A working holiday for Marc Guillemot

Around the world
A working holiday for Marc Guillemot
© Jean-Marie Liot / DPPI
January 16. 2012

With ten months to go to the start of the next Vendée Globe, on 10th November in Les Sables d'Olonne, the skipper of Safran Marc Guillemot spent the holiday season working on his boat and testing a new mast for the next Vendée Globe. As we draw closer to the start, Marc tells us about his next round the world race and the three months of being alone it will entail.

 

When you think that next Christmas you’ll be a tsea, did you do anything special this time?
No, I’m not someone, who looks ahead from one Christmas to another. I didn’t do anything special. In fact, it was a bit unusual, as we did some work on the boat. Between Christmas and the New Year, we stripped Safran down, and tested mast number three, the one which we’ll be using for the Vendée Globe. So let’s say that the quiet period at the end of the year was more work than rest, but I’m not complaining: the tests went well and the boat has gone in for her refit. Everything is going smoothly.

 

Is it hard to spend three months alone?


Yes, of course, there are highs and lows. We spend so much time in the Southern Ocean in a hostile environment, that there are bound to be times, when we find ourselves alone and cut off from the world. That is particularly true when we spend a month sailing in the Indian and Pacific Oceans covering the south. Down there, apart from the albatrosses and sea mammals, there really is no one. When we round the Horn and start to head back up north, we start to see cargo ships and then a few fishing boats. That’s why that rounding is so symbolic, as it marks a return to civilisation in many ways…

 

What do you wish for in 2012, for yourself, but also for the planet that you’ll be circling next winter?

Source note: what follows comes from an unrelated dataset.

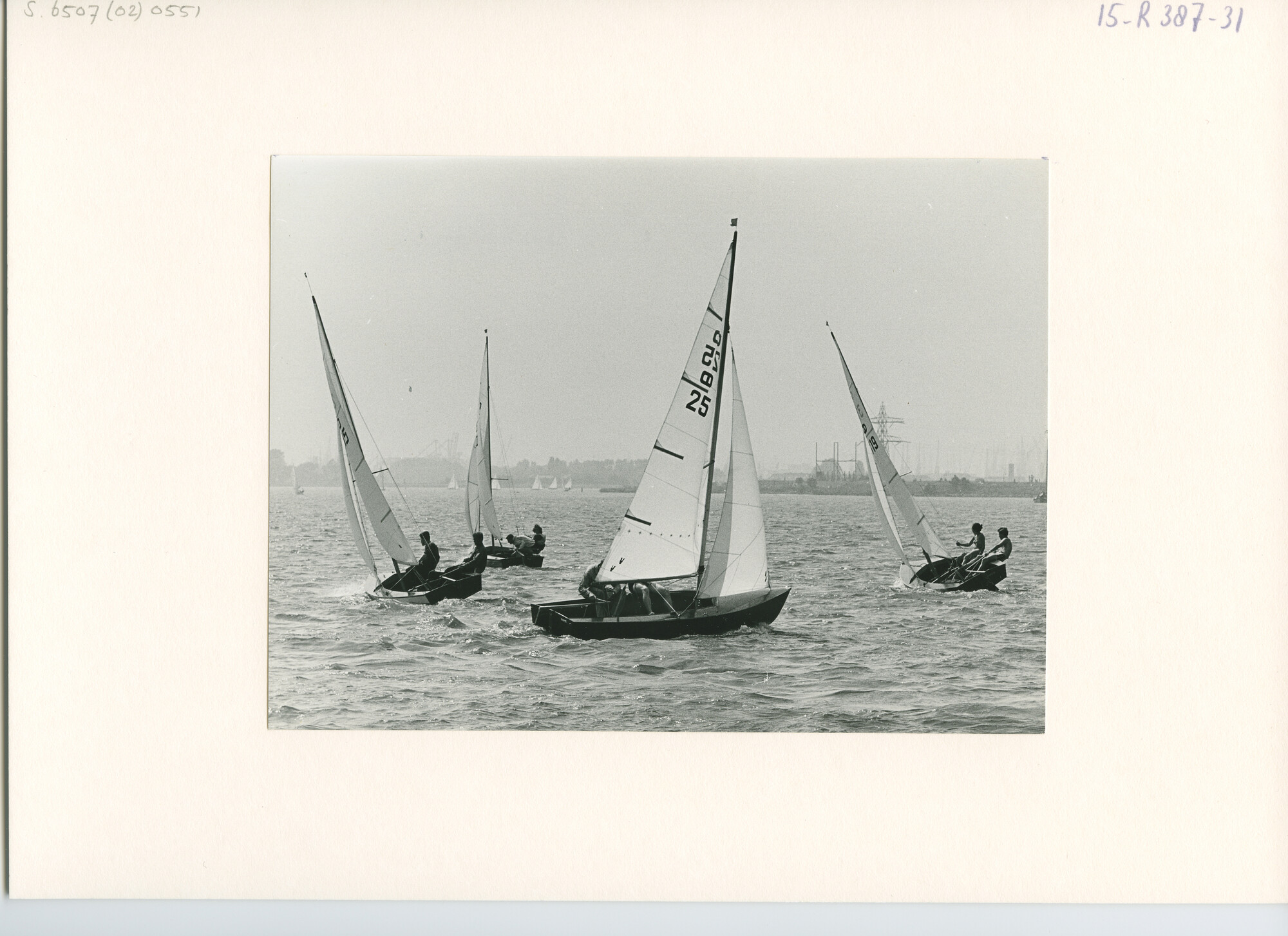 S.6507(02)0551.03; Zwart-wit foto van de Schakel-klasse op het Buiten IJ; foto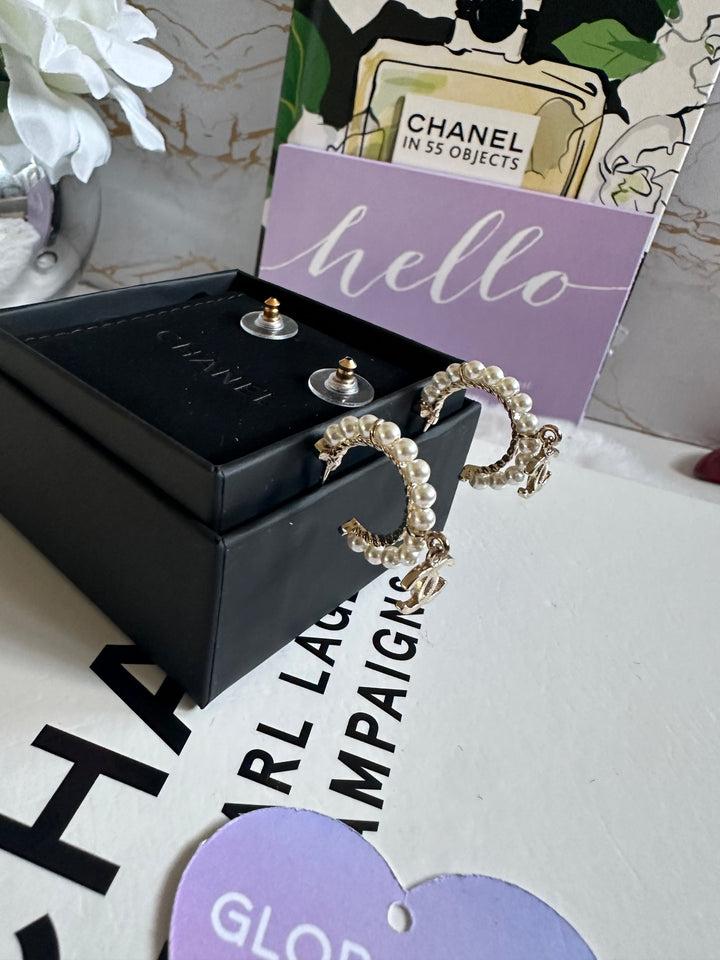 Chanel 20A Pearl LGHW Earrings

It’s never easy sorting out your wishes… For me, and this won’t be a surprise to anyone, in 2012 I’d like an ideal preparation for the boat… and then by next December to be up there in the top three in the Vendée Globe. As for the planet, it may be a wish in vain, but I would like to see people show more respect for it and for some of the big ideas to become reality. Because, when you sail around the world, unfortunately we come across signs of pollution, which are even more difficult to stand when you are out on the open seas.